According to the Opposition Leader, Jordan’s adamancy in ensuring that next year’s Budget Presentation is done ahead of the Local Government Elections (LGE) – which is slated for November 12 2018- may be a scheme to influence same.
“I thought that maybe they are trying to catch the Local Government Elections; to present a budget with a few goodies to influence people on how they vote. That is still very likely, knowing how this Government operates. It makes a lot of promises and has a poor track record of fulfilling those promises,” he said.
Nevertheless, the PPP member maintained that there are several major disadvantages to presenting early budgets.
“The issue is: when you go to the Parliament, you go to debate the framework, and the country expects a discussion on the economic performance in the current year; and based on that performance you will move forward. This is not what we are getting,” Jagdeo posited.
He further contended that presenting an early budget means that the numbers included, are not final year numbers but more numbers related to growth by sector, among others things.
He made reference to the previous budgets presented under the Coalition Government, stating that they had undergone several revisions of the growth rate — in some cases four times — because the final figure was much lower than the projection made.
In 2017, the Government initially projected that Guyana’s economy would have grown by a 3.8 per cent growth rate for 2017.
This projection was reduced to 3.1 per cent. It was then revised downwards again to 2.9 per cent. The actual performance of 2.1 per cent, was disclosed only earlier this year.
Jagdeo, a former Finance Minister and President, said the fiscal deficit also varied substantially when the actual numbers were presented.
He asserted that if one were to compare the components of the fiscal deficit, they would observe a massive change in current and capital expenditures, as well as revenue.
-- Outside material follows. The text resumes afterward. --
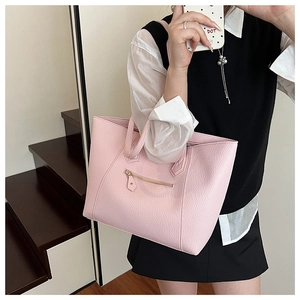 Pink pebbled leather tote bag detail with gold zipper pocket shown on a model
“We had false figures on revenue and expenditure, therefore the fiscal deficit numbers were false. The numbers were patently false figures,” he said, while adding that on the external side, the balance of payments’ numbers also changed massively.
The PPP GS also recalled that when the actual outcome was seen, it was worse by US$200 million and according to him, this could be a recurring problem.
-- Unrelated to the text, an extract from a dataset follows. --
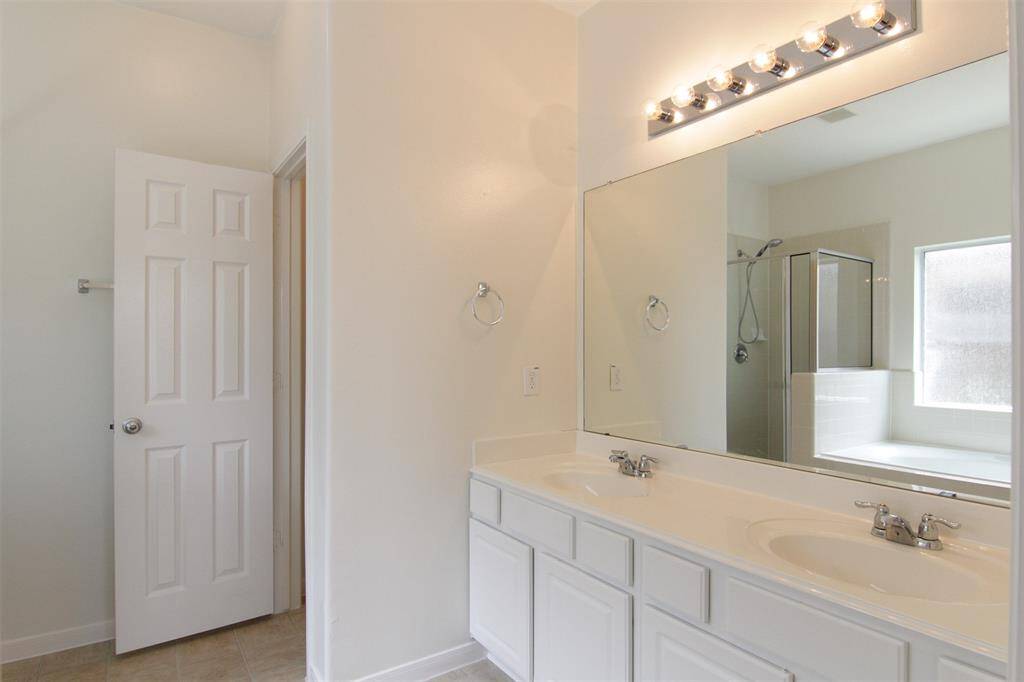 luxurious primary bath with 2 sinks at vanity, separate water closet, garden tub, separate glass shower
Jagdeo noted that the balance of trade was also distorted.
To this end, he is maintaining that if Jordan, and by extent, the Government, is serious about presenting budgets that would have some impact and meaning, then they should wait until January so that they can have actual numbers to work with.
“We have a Minister who says nothing about the concerns that have been raised. What we will have is another debate on numbers that look great, but in a month, when the actual numbers are available for the year end, we will see a totally different picture,” he reasoned.
In the past, Jagdeo has been recorded asserting that an early budget puts his party members at a major disadvantage when debating the financial expenditures of the Government in the National Assembly.
The former Junior Finance Minister, Juan Edghill, has also maintained that Government’s early budget was a means of evading public scrutiny, and a means by which to hide their underperformance.
Edghill maintained there was no haste for an early budget presentation, noting that, historically, the country’s budget was presented in the first quarter of the fiscal year.
Government recently admitted that despite some slight improvement in the Public Sector Investment Projects (PSIPs), “tremendous” challenges continue to be faced, particularly with foreign-financed projects.
Jordan has said it is not where he wants it to be.
Compiled annually, the PSIP contains capital investment projects funded under the domestic capital budget, and projects financed through external aid.
In February this year, a critical analysis of PSIPs between 2014 and mid-2017 revealed that the performances of many projects left much to be desired.